Marcus Fairs: What was the difference between the two approaches to map-making?
Gary Hustwit: Vignelli’s map was executed by a young designer on his staff named Joan Charysyn. It was a minimalist diagram of the subway routes, designed on a grid with 45- and 90- degree angles to the lines.
It was not intended to be geographically accurate, it was more like a service diagram in the vein of London’s Tube map. So Vignelli and Charysyn moved the location of certain stations on the map in order to fit their grid. This is what really made some people angry because the map didn’t correspond exactly to the city above ground.
Also in Vignelli’s map, the water was coloured beige, and the area of Central Park was grey.

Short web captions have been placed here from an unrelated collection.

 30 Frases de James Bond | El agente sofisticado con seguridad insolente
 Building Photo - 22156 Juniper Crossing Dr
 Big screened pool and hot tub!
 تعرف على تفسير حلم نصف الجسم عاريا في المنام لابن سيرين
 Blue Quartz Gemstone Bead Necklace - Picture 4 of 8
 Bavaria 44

In the debate, Vignelli explained, “The water here and the parks, they have not been done in blue and green, as would be natural, because there is no intention of representing nature there as a natural element.”
But Tauranac replied that it was a simple cartographic truth that water should be blue and parks should be green. “Showing parks in grey and water in beige might reflect, I guess, a certain cynical reality, but this is a cartographic reality,” he said.

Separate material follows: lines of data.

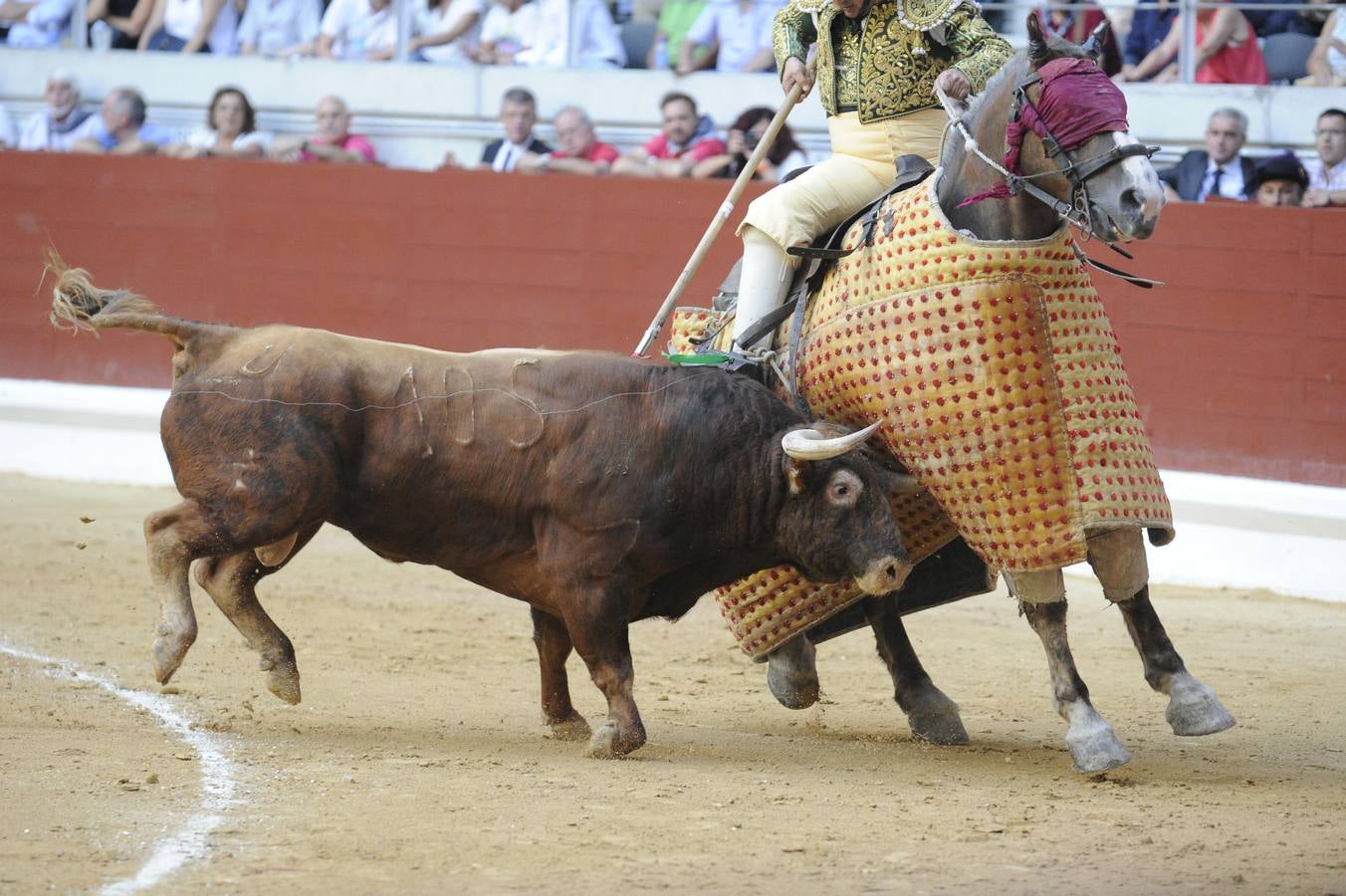 Morante, Talavante y Juli abren la feria de La Blanca 2015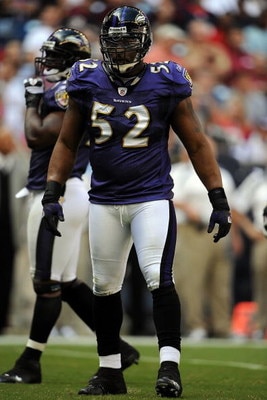 HOUSTON - NOVEMBER 09:  Linebacker Ray Lewis #52 of the Baltimore Ravens during play against the Houston Texans at Reliant Stadium on November 9, 2008 in Houston, Texas.  (Photo by Ronald Martinez/Getty Images)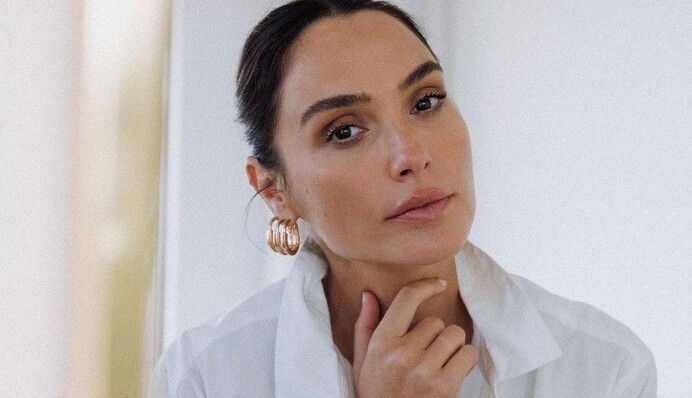 Многодетная мама: Галь Гадот родила четвертого ребенка и назвала его символическое имя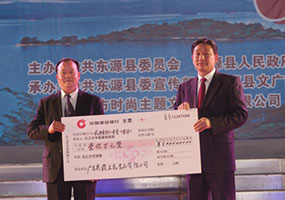 2008年1月7日為東江中學建設捐款一百萬元,左為朱日楊董事長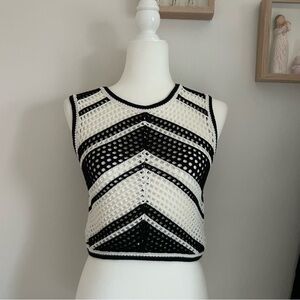 Willow & Wind Sleeveless Crochet Knit Crop Top in Black and White Women’s Size L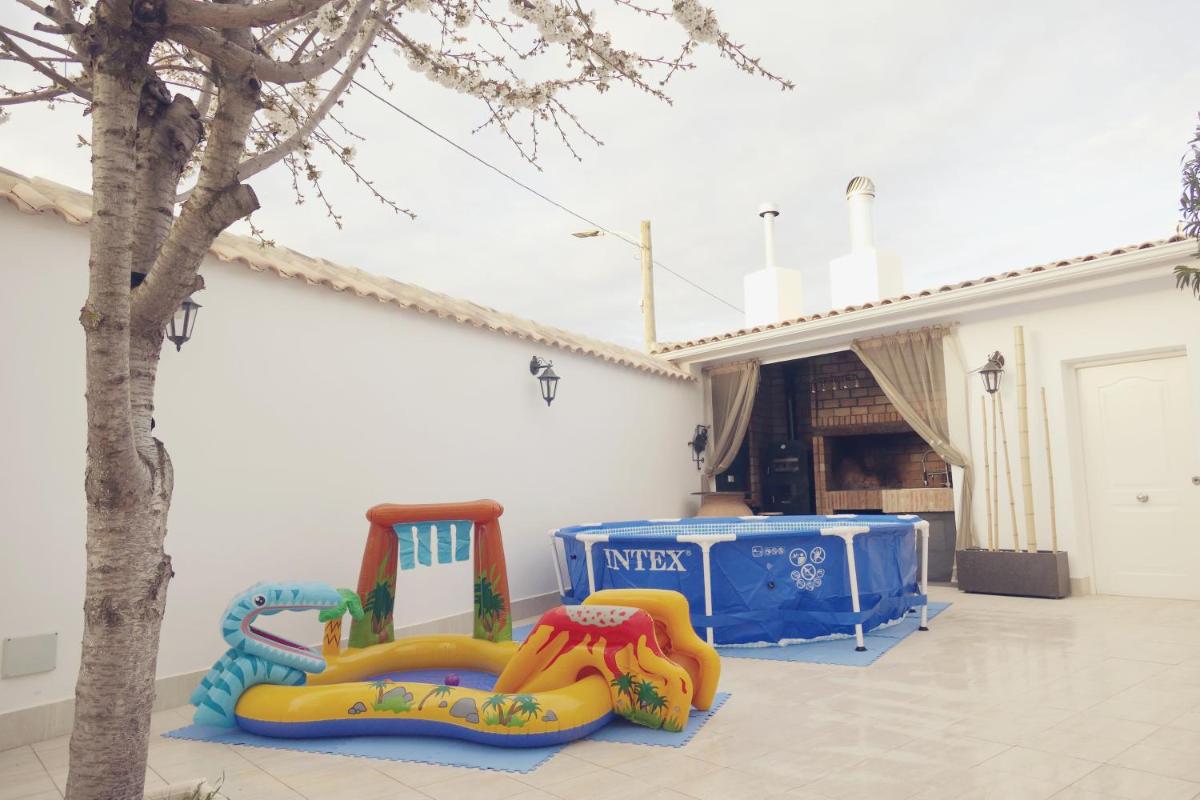 Casa Rural ideal para escapadas con Barbacoa y Spa - Housity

Tauranac’s proposed replacement map strove for geographic realism and showed as much information as possible about the city above and its famously dysfunctional subway service.
Vignelli hated it. “It seems to me that the total lack of methodology, which this map shows, reveals that the basic philosophy is the more you add, the better your communication will be,” he said. “As it happens in communication, it’s just the other way around.”
Later in the evening, Tauranac referred to Vignelli’s design as “form follows fiasco.” So yeah, there were some insults traded.
But the city transit authorities had already given Tauranac’s new map their blessing, so in a way, the debate was moot. A year later in 1979, the Tauranac/Hertz map was released and 40 years later it’s still in use, with some revisions.
Marcus Fairs: Who won?
Gary Hustwit: But I was just thinking about this and in a weird way they both “won”. Vignelli’s map is seen as an icon of modern graphic design and still revered today. And Tauranac’s map has lasted over 40 years and is in use in NYC subway cars right now.
Marcus Fairs: Why was the debate important and what is its relevance today? Do we still need subway maps?
Gary Hustwit: To me, the debate was this historic moment in design history that should be preserved, but it’s also an example of the challenges that designers still face every day. Simplicity versus complexity, form versus content. It was Vignelli’s minimal abstract diagram versus Tauranac’s info-rich geographic realism.
And while it’s true that we don’t use paper maps as much today, every webpage or phone screen we look at has been designed by someone, and the hierarchy of information that is displayed is crucial to being able to navigate our digital and physical lives. How big should the type be, where’s the navigation, what colours are used where, etc.
It’s a question of how to effectively present and communicate complex information, and the best methods to accomplish that will continue to be debated well into the future.
Marcus Fairs: Who else worked on the book?
Gary Hustwit: Well, if it’s a book about the subway system, Jesse Reed and Hamish Smyth at Standards Manual are obviously the people to collaborate with! They designed the book, and the cover design is adapted from the original invite to the event.
Stan Ries’s photographs are showcased throughout the book, and Paula Scher wrote the foreword. We’ve interspersed the full transcript of the debate with contextual details, examples of the maps, and excerpts from new interviews with the surviving participants.
Hamish Smyth also designed a letterpress print that’s a mashup of the two maps, a graphic distillation of the opposing philosophies. I’ve started calling that print the “Map Battle”… which of course should also be the title of the fiction film that gets made about this whole story someday! I’d watch that!
Marcus Fairs: When does it come out?
Gary Hustwit: The book will be published in October and is available for pre-order now. All pre-orders include the exclusive letterpress print, free.